Kristian Bäck (born 18 July 1996) is a Finnish long jumper. He competed at two European Championships, a fifth place there being his best performance in competition, and won three Finnish titles.

==Career==
As a 2015 Finnish U20 indoor champion he finished seventh at the 2015 European Junior Championships. He won the Finnish Junior Championships in a wind-assisted 7.61 metres and legal 7.50 metres, being his new personal best, followed by a wind-assisted 7.52 metre victory at the Nordic U20 championships.

Bäck is from Vasa and represented the club Vasa IS.
As a son of Mikael Bäck and long jumper Natalia Kilpeläinen, Bäck decided to become an elite athlete after the seventh place at the 2015 European Junior Championships. Another factor was his military service at Sandhamn, which steered him away from "partying". After his service finished in 2016 he enrolled in the Novia University of Applied Sciences in Vaasa.

The 2016 athletic season started well with Bäck winning his first and only Finnish Indoor Championships, in another personal best of 7.63 metres, followed by a lifetime best in his first outdoor competition of the year: He jumped 7.95 metres in Formia. Declining lengths in the following competitions were followed by 7.79 metres at the Kuortane Games before entering the European Championships. He qualified for the final round in a 7.96 metres leap and finished fifth in 7.91, both wind-assisted. At the same time as reaching his all-time highest placement in athletics, he was disappointed with being just 2 centimetres behind the bronze medal. Bäck rounded off his 2016 season with only a bronze medal at the Finnish Championships, but then a triple victory at the Finnish U23 Championships, Nordic-Baltic U23 Championships and Finland–Sweden International.

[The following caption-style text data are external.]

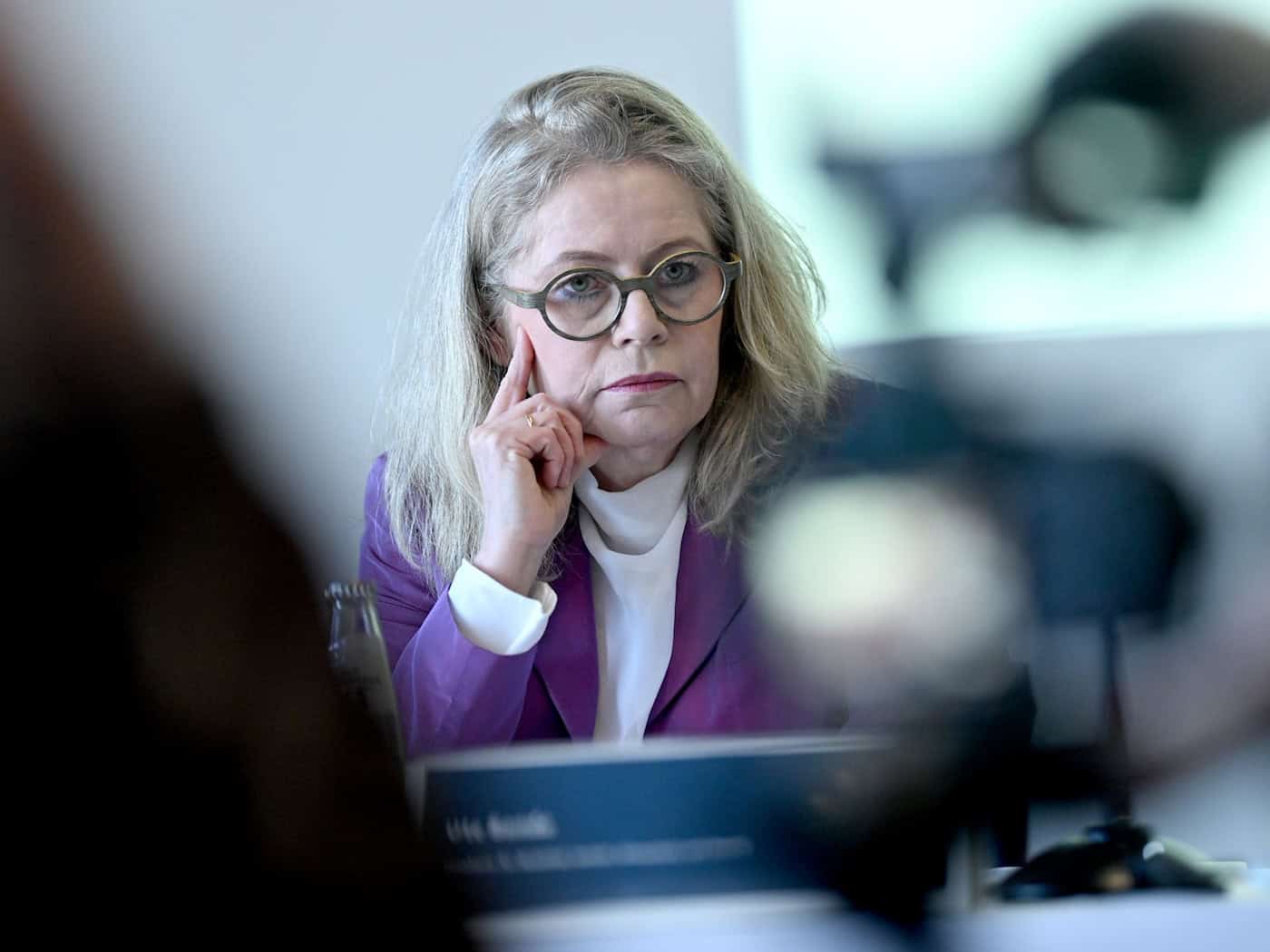 Ute Bonde ruft die Tarifparteien am BER dazu auf, aufeinander zuzugehen. (Archivbild) / Foto: Britta Pedersen/dpa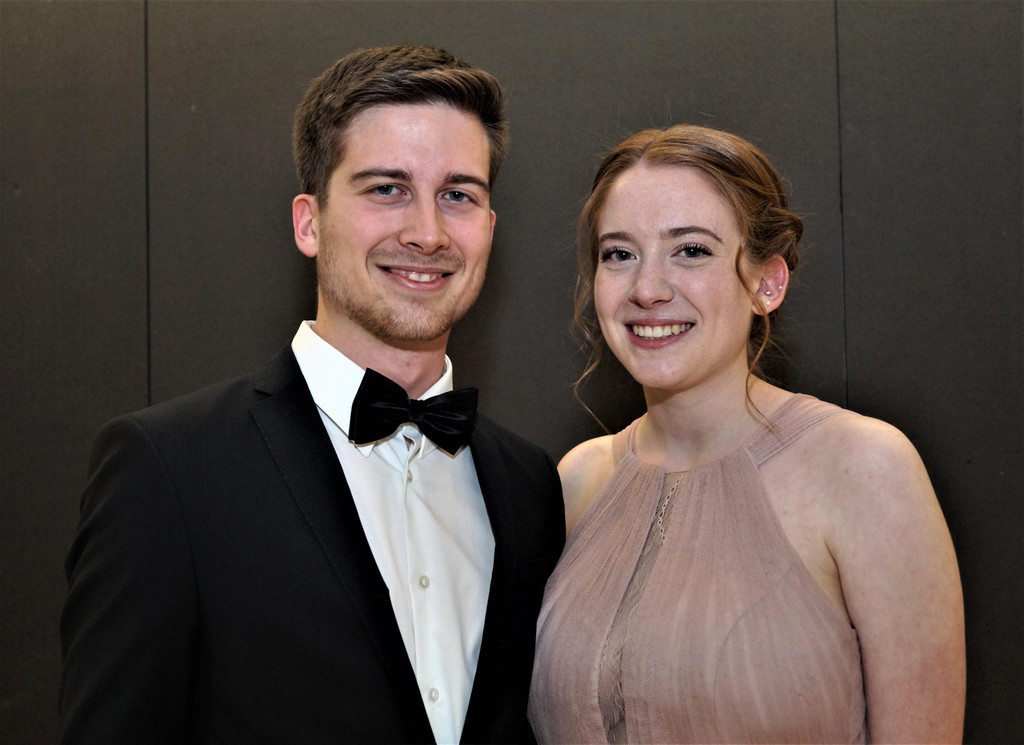Lea und Lukas Schneider.jpg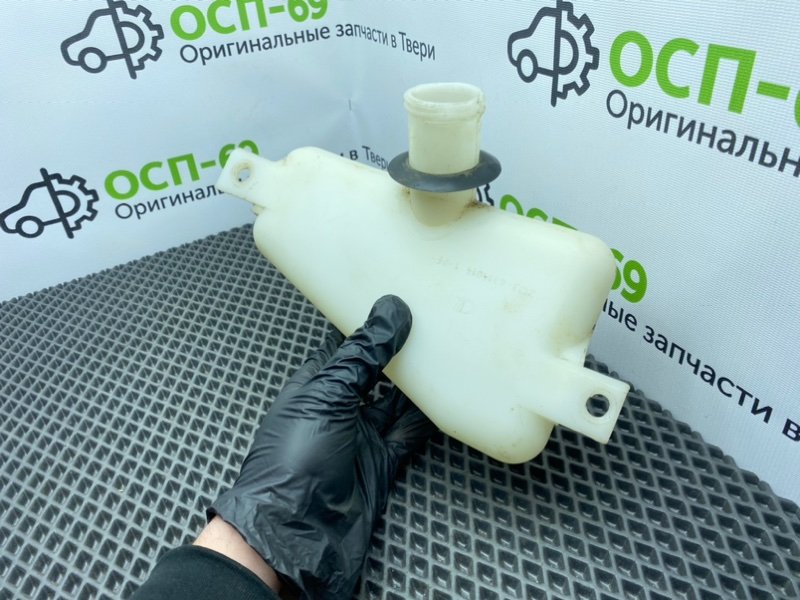 Бачок омывателя заднего стекла, 400 рублей, Тверь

Bäck matched his best lengths in 2017, jumping 7.95 metres in Jämsä on 1 July. Two weeks later he competed at the 2017 European U23 Championships, later also at the 2017 Summer Universiade, without reaching the final in either. With a goal of jumping 8 metres that he deemed realistic, his first and third jump at the 2017 European U23 Championships were invalid. His second jump measured 7.53, but was marred by getting too little time to prepare, 18 seconds instead of 60; Bäck successfully handed in a protest and was allowed to redo his second jump in the evening. This, however, was an overstep and hence not valid. After that he became Finnish U23 champion again, and won his first Finnish Championships in a wind-assisted 7.91 metres, but only finished fifth at the Finland–Sweden International.

Bäck took his second straight Finnish title in 2018, jumping in a season's best of 7.93 metres. He became runner-up at the Finland–Sweden International and competed at the 2018 European Championships without reaching the final.

By 2018 Bäck had lost some of the spontaneity in his jumping, especially finding 2017 "a bit stressful". He first lost much of the indoor season, then failed to reach his goals of surpassing 8 metres or winning the 2017 European U23 Championships. Pollen allergy also took a toll. Feeling his performance stagnate, after the 2018 season Bäck decided to change coaches from his father to Frank Attoh, the British coach of Greg Rutherford. The plan was to conduct monthly training sessions with Attoh in London, and the day-to-day training in Helsinki under Suren Ghazaryan's guidance. The next two years Bäck was injured "constantly", including a few illnesses.

Bäck competed only twice each in 2019 and 2020, one of the competitions being a silver medal at the 2020 Finnish Championships with a 7.77 metres jump. He then matched his former lengths in 2021, jumping 7.92 at the Kuortane Games, and managed to take his third Finnish title as well as compete at the European Team Championships First League. Changing clubs to Viipurin Urheilijat and training together with Kristian Pulli, Bäck's goal was the Summer Olympics held in 2021. This did not come to fruition, and by 2024, Kristian Bäck had become an agent. Being one of only three with a WA licence in Finland, he started by managing Samuli Samuelsson, later adding athletes such as Lotta Harala, Senni Salminen and Krista Tervo.